*TASK GOAL*
Below are the records; give again exactly the line with "Used 2025 Honda Accord SE image 26", the line with "17 Grand Street, Seymour, CT 06483", and each line that lies between them, and nothing besides.

..............................

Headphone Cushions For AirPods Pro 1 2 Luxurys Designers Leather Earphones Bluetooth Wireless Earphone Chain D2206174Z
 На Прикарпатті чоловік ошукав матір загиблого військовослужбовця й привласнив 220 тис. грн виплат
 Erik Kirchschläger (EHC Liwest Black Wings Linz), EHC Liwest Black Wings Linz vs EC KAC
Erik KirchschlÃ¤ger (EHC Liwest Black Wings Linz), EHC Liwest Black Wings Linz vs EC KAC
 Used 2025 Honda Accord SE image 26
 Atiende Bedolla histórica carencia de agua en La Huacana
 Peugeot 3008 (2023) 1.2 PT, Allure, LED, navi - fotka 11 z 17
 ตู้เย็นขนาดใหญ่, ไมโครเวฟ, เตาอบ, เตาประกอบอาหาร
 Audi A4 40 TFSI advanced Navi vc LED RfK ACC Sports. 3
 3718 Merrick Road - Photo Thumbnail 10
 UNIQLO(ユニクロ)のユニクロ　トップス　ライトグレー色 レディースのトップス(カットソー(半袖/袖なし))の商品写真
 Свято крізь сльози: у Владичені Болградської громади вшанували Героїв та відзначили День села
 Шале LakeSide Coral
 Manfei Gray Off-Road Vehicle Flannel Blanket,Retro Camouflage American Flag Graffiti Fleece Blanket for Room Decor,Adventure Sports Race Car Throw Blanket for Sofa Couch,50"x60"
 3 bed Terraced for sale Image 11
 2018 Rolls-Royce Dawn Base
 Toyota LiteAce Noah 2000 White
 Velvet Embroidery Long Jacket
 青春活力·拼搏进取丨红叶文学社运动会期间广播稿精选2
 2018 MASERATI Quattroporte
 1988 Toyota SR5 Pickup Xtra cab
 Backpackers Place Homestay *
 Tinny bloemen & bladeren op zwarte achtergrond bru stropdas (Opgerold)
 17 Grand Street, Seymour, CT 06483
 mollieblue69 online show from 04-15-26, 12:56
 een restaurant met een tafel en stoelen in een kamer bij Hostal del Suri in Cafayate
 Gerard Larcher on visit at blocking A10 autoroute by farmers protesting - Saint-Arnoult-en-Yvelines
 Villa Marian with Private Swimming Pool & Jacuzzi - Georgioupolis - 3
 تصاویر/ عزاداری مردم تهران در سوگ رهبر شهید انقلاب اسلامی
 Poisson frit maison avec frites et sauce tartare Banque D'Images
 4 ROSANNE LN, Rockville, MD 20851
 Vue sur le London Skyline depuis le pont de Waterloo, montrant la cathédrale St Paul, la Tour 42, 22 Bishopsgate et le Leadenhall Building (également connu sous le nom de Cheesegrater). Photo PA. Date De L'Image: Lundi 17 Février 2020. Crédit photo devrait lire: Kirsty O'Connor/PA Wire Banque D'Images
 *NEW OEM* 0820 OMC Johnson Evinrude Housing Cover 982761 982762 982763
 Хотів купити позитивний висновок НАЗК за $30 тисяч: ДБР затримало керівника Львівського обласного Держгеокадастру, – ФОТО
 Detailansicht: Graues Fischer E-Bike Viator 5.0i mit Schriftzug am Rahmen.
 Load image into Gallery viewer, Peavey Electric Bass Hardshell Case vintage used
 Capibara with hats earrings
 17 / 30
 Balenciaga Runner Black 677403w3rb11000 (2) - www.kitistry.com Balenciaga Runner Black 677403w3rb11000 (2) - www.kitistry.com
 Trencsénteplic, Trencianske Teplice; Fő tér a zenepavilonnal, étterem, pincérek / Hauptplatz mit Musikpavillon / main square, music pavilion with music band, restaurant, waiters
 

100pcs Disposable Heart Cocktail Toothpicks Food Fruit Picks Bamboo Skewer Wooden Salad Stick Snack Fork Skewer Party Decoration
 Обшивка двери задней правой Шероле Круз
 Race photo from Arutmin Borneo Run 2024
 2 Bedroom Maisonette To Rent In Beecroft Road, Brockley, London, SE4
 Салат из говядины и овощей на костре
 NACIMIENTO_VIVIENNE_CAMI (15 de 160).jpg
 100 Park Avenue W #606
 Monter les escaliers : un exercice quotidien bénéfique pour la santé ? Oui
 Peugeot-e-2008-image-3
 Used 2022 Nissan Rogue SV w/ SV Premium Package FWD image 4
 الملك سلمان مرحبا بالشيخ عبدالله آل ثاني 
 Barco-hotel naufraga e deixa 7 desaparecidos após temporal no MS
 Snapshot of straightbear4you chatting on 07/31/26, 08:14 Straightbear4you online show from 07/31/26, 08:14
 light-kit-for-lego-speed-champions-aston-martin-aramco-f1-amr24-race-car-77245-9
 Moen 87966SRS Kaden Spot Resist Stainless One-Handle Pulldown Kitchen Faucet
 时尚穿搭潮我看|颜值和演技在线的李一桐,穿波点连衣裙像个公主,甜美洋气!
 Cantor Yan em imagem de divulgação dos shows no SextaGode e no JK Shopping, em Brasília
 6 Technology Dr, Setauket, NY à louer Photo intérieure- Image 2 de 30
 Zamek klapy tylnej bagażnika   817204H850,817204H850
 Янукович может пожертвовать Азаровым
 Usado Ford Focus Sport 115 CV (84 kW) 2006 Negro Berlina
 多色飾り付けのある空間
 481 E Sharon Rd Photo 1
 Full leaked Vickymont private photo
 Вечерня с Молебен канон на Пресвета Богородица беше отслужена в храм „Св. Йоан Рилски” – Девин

..............................

*EXPECTED ANSWER*
 Used 2025 Honda Accord SE image 26
 Atiende Bedolla histórica carencia de agua en La Huacana
 Peugeot 3008 (2023) 1.2 PT, Allure, LED, navi - fotka 11 z 17
 ตู้เย็นขนาดใหญ่, ไมโครเวฟ, เตาอบ, เตาประกอบอาหาร
 Audi A4 40 TFSI advanced Navi vc LED RfK ACC Sports. 3
 3718 Merrick Road - Photo Thumbnail 10
 UNIQLO(ユニクロ)のユニクロ　トップス　ライトグレー色 レディースのトップス(カットソー(半袖/袖なし))の商品写真
 Свято крізь сльози: у Владичені Болградської громади вшанували Героїв та відзначили День села
 Шале LakeSide Coral
 Manfei Gray Off-Road Vehicle Flannel Blanket,Retro Camouflage American Flag Graffiti Fleece Blanket for Room Decor,Adventure Sports Race Car Throw Blanket for Sofa Couch,50"x60"
 3 bed Terraced for sale Image 11
 2018 Rolls-Royce Dawn Base
 Toyota LiteAce Noah 2000 White
 Velvet Embroidery Long Jacket
 青春活力·拼搏进取丨红叶文学社运动会期间广播稿精选2
 2018 MASERATI Quattroporte
 1988 Toyota SR5 Pickup Xtra cab
 Backpackers Place Homestay *
 Tinny bloemen & bladeren op zwarte achtergrond bru stropdas (Opgerold)
 17 Grand Street, Seymour, CT 06483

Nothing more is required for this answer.